李鸢复行礼道:“我听心悦说你伤得很重,伤到哪里了?快躺下说话。” 彼此说些安慰的话后,李鸢带着冬梅回到焕和殿,这事就算翻篇了。
欧妃在宫中耳目众多,隐华殿伤人事件虽已过去半月,还是惊动了昭和殿那边。这日冬梅去内府领日常用度,夏花中途拦住她,以错领了昭和殿物件为由“请”她到内府偏殿清查一下。冬梅也是直性子,没多心就跟着夏花七拐八拐来到一处偏殿。冬梅刚踏进大殿内,殿内从外面锁上了。
“哎?开门,你们锁我作甚?”冬梅狂拍殿门。
“冬梅姐姐,稍安勿躁啊!”夏花转身露出诡异的笑。冬梅再要张口时,一华丽丽身影从屏风后面走出来。冬梅一激灵跪地行礼:“ 欧妃娘娘吉祥,奴婢给娘娘请安!”
“起来吧!”欧妃笑道,“本宫有些事情问你,你可要如实回答啊!”
冬梅心想,我没看错吧,一向高高在上的欧妃会对自己笑?“嗯,嗯,奴婢一定知无不言言无不尽。”
“你是吃了熊心豹子胆吧,竟敢在宫中行凶杀人?!”欧妃突然摔杯低吼道。什么情况,刚才还和颜悦色,转眼暴怒成狂。这一惊一乍吓得冬梅不知如何是好,忙跪地:“娘娘明察,奴婢没有杀人啊,只是误伤了许洁,不过奴婢也受伤了。一报还一报。”
还真是个蠢货,轻轻吓唬就不打自招。欧妃挑眉哼笑,“因何行凶,来龙去脉一一说清。否则别说你,就连你主子也难逃罪责!”情急之下冬梅将许洁在焕和殿如何拿话讥讽婉良人,害婉良人与皇上起了矛盾;自己最初只想吓唬一下许洁,却听到她与周晟的谈话,得知许洁的把戏后气不过才动手打了许洁,自己也被她扎伤。
“护主心切,情有可原。

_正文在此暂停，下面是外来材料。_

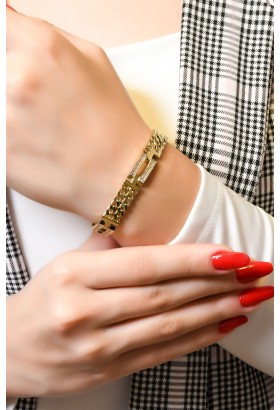 TASARIM BİLEKLİK 14 AYAR A066105 TASARIM BİLEKLİK 14 AYAR A066105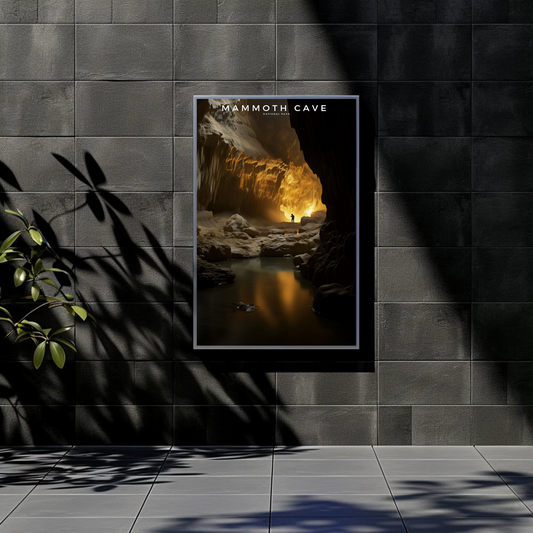 Mammoth Cave National Park Poster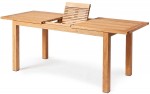 Superior Teak Extension Table 75x150to190cm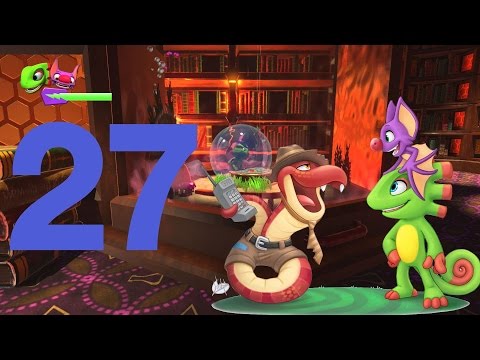 Let's Play Yooka Laylee | Part 27 | Oberwelt erkunden und alle Ritter gefunden [1080p60FPS] [MAC/PC]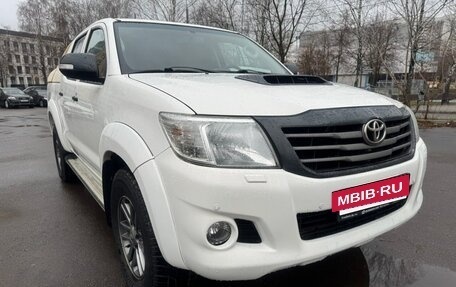 Toyota Hilux VII, 2012 год, 2 700 000 рублей, 4 фотография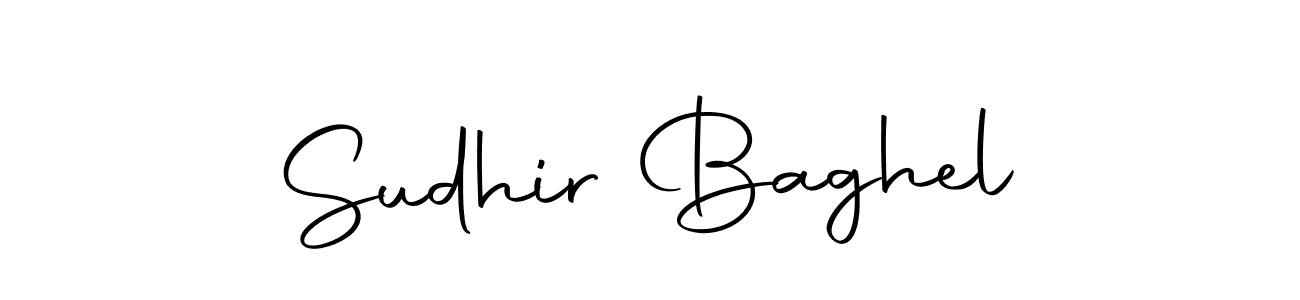 You can use this online signature creator to create a handwritten signature for the name Sudhir Baghel. This is the best online autograph maker. Sudhir Baghel signature style 10 images and pictures png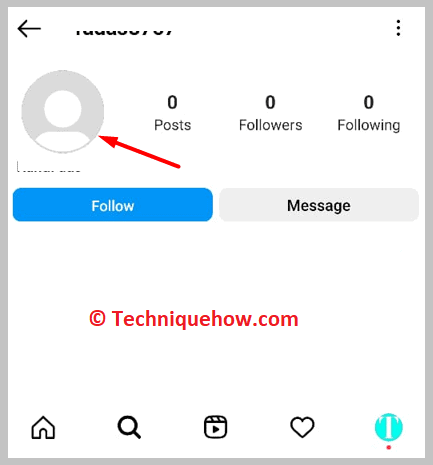 Removed DP From his Profile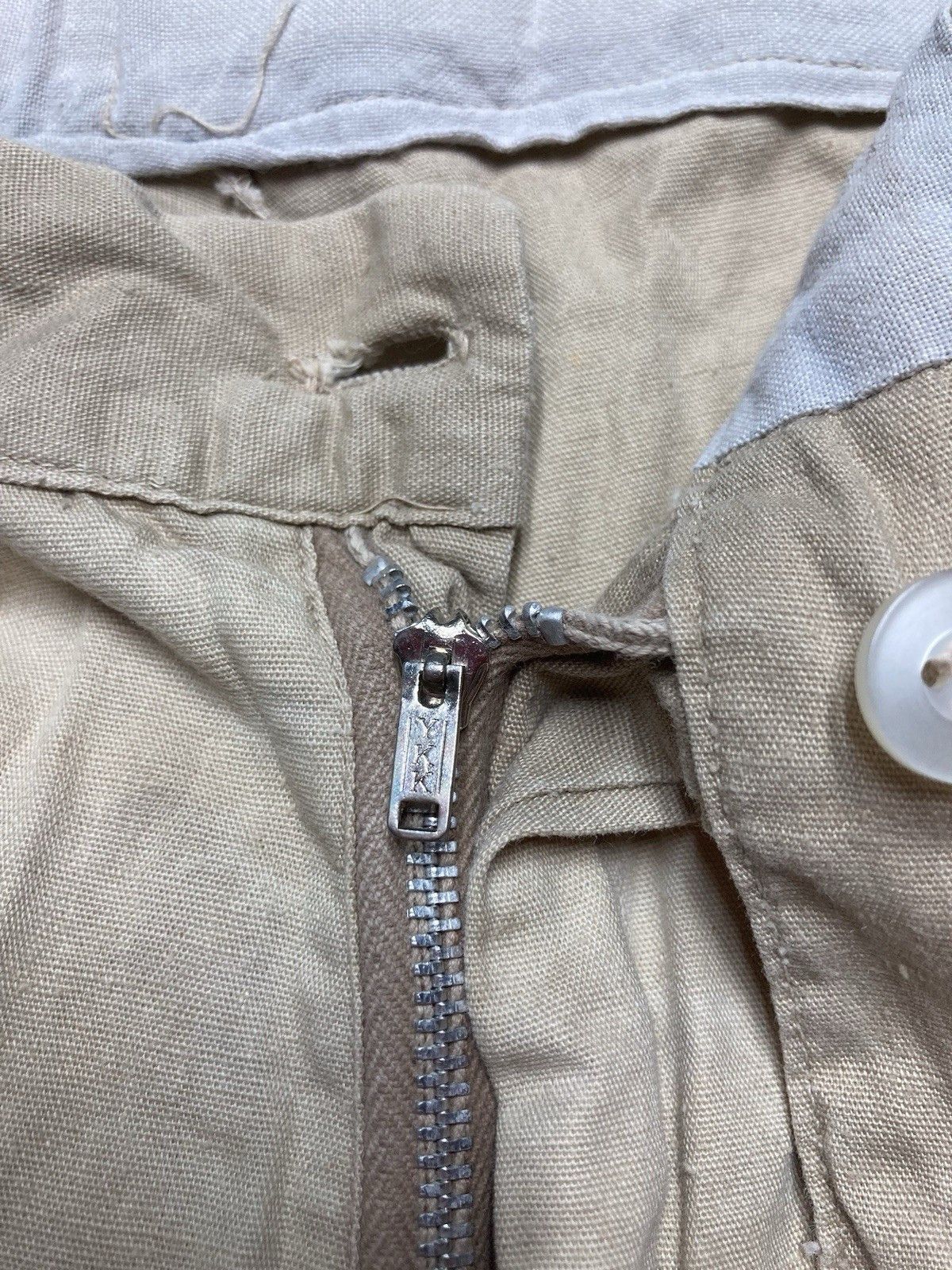Vintage 70s lightweight cotton shorts khaki tan casual men’s 33 Size US 33 - 5 Thumbnail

可怜你主子了,竟没有胆量讨个公道!”欧妃开始拱火。
“娘娘慈悲心肠,我家主子从小性子柔弱,若能得到娘娘相助真是三生万幸啊!”冬梅磕头道。夏花在旁忍不住掩面讥笑,说得什么跟什么啊。勾一勾就上道了。欧妃瞪了夏花一眼,语气悲切道:“唉,快起来吧!你们主仆二人也不宜啊!你若想讨回公道,今日之事就不能与任何人提起,一切听从本宫安排。”傻冬梅回到焕和殿缄口不谈今日之事。
转眼一个月过后,许洁脸上的疤痕已经淡化许多,略施粉黛即可遮盖。